This spare capacity could take a while to get back online—about a month, per the EIA’s definition of spare capacity—but it is there, ready to tap when necessary. And it may become necessary despite the latest signs from OPEC+, which have shown members of the extended cartel would stick to their initial plans to add no more than 2 million bpd in production from next month. The thing that could—and likely would—push oil prices higher this summer would be primarily demand that is recovering faster than most anticipated, including the International Energy Agency, which recently called on the energy industry to suspend all new oil and gas exploration in the quest for net-zero emissions. Last week, that same IEA called on OPEC to bring back more production to avoid a further spike in prices.
Yet more oil may well be coming soon from a country exempt from the OPEC+ production cuts. Speculation about Iran’s return to global oil markets is rife, and there are doubts whether it would indeed be able to restore production as quickly as it says, but it will certainly try to do it.
The latest from Tehran is that Iran could go back to a daily average of 4 million barrels within 90 days. Most of this would be back online within a month, an official from the state oil company said, as quoted by Iranian state media this week.
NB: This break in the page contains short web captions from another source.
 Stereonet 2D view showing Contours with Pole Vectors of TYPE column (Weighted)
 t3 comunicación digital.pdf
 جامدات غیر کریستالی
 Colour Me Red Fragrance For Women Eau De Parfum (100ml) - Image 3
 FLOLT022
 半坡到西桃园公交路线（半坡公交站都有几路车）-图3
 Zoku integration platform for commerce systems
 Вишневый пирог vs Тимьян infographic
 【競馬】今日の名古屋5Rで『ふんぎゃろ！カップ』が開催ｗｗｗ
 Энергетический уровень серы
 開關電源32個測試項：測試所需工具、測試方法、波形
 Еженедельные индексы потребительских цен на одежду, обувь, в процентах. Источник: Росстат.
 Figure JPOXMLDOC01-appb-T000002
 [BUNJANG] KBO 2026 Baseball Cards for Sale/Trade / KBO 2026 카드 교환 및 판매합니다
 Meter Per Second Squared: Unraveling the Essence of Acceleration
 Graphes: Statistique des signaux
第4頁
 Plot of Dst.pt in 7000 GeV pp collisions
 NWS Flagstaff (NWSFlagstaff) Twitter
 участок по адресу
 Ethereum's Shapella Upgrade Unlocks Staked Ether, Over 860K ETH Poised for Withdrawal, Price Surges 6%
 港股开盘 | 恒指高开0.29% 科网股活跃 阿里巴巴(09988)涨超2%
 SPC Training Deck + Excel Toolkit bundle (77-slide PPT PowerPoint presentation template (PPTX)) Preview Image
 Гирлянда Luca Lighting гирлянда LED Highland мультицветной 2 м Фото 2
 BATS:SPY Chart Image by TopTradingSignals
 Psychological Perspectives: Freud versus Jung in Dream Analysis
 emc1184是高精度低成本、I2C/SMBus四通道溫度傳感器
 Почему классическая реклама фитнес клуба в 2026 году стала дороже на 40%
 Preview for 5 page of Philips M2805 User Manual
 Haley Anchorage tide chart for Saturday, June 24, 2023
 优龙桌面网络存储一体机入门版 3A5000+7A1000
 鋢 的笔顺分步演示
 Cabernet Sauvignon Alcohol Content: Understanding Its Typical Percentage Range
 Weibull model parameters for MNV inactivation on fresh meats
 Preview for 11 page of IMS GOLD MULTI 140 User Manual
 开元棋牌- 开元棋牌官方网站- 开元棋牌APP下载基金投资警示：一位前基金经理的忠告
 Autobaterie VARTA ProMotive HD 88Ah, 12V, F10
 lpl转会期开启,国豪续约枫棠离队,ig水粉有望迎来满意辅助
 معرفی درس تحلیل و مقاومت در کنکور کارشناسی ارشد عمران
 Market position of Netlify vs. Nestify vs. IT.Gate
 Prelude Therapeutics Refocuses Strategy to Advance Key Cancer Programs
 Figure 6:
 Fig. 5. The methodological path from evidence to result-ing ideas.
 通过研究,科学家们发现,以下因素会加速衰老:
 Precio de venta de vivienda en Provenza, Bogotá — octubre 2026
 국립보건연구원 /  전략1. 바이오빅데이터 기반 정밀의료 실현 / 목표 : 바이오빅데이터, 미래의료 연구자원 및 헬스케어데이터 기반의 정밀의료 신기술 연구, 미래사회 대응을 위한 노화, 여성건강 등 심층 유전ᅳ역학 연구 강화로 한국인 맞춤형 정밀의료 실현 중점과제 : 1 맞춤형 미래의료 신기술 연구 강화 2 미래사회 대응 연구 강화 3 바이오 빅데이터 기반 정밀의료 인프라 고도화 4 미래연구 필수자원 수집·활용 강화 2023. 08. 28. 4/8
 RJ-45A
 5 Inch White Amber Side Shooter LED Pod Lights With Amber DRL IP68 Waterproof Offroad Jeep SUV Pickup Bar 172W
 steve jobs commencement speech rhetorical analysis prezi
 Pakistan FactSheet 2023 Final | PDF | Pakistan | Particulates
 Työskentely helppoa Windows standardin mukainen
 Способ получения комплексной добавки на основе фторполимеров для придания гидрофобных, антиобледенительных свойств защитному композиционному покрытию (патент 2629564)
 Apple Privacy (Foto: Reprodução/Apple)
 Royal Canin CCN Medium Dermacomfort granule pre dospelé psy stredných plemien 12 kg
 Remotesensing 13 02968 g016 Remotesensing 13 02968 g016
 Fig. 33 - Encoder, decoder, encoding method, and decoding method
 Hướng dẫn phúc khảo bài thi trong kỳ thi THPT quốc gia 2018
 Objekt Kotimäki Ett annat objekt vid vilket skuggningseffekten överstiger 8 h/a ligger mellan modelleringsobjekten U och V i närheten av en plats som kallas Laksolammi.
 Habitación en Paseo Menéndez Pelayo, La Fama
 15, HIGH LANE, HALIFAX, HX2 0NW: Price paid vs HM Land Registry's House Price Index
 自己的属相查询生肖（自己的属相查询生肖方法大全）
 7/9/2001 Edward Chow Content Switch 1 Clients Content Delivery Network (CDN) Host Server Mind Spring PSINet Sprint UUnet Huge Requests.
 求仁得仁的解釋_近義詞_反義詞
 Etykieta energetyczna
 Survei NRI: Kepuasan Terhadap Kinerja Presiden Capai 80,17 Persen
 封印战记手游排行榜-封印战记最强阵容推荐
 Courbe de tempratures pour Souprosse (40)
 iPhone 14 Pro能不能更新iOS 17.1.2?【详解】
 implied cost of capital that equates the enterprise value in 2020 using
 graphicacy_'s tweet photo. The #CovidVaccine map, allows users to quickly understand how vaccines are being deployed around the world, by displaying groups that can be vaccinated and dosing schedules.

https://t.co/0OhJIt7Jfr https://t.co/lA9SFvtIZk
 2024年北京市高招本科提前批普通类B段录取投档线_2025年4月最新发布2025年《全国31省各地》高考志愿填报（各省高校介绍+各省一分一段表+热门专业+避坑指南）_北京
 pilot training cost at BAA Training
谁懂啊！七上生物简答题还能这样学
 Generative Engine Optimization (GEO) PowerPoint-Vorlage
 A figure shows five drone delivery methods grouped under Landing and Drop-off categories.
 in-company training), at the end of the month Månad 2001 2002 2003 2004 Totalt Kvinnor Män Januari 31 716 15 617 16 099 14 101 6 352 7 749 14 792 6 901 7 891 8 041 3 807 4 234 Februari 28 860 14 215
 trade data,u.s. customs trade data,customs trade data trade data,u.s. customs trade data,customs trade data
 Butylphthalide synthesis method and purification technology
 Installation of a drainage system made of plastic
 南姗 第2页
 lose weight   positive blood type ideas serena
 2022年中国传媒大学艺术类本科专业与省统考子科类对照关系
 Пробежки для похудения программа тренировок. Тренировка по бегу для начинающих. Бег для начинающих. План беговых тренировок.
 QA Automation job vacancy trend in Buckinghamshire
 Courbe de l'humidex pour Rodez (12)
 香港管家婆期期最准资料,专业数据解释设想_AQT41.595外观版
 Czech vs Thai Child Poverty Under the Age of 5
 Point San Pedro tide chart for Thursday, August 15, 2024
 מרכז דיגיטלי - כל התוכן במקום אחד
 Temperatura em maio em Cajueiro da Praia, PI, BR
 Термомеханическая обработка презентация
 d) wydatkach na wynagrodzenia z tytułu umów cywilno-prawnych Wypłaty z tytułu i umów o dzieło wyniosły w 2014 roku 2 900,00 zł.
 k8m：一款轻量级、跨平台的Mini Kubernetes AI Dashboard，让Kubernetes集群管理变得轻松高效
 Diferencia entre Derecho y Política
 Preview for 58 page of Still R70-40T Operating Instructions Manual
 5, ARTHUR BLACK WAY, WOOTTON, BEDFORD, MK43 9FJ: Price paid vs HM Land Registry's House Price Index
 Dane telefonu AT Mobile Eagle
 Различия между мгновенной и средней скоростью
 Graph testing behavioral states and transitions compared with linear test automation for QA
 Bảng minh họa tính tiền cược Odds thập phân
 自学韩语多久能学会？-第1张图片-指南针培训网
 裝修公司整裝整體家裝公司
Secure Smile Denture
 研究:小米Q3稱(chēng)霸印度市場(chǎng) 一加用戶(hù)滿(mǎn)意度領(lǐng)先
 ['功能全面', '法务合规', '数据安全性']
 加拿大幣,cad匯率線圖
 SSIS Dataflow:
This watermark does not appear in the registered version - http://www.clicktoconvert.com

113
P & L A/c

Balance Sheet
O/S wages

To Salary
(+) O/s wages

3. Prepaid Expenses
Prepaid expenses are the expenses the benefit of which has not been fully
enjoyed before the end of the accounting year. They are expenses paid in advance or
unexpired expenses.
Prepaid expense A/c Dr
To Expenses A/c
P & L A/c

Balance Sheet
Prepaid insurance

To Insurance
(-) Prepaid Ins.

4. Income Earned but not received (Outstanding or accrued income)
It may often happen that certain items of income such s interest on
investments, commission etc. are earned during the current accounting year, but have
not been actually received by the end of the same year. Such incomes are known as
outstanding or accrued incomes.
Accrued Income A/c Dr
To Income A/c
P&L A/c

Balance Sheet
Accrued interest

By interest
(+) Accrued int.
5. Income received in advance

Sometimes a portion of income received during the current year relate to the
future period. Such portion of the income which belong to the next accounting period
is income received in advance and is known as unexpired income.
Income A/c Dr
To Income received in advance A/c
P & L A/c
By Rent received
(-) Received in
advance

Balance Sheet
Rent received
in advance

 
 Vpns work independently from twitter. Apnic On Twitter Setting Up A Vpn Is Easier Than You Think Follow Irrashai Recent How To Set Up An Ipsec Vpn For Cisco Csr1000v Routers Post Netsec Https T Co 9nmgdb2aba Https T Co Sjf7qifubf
Higher than usual summer temperatures in the Middle East would challenge the region’s power grid. Still, it is unlikely to affect oil markets much or for very long. Prices are already high enough to make some buyers nervous. If they go much higher, they will dampen demand, and nobody wants this just when it is recovering so well. Gulf states may need to tap their spare capacity to keep a lid on prices or, if they are feeling adventurous, watch them rise closer to $100 and risk losing market share to the United States, Russia, and other suppliers who would be only too happy to step in and fill the supply gap.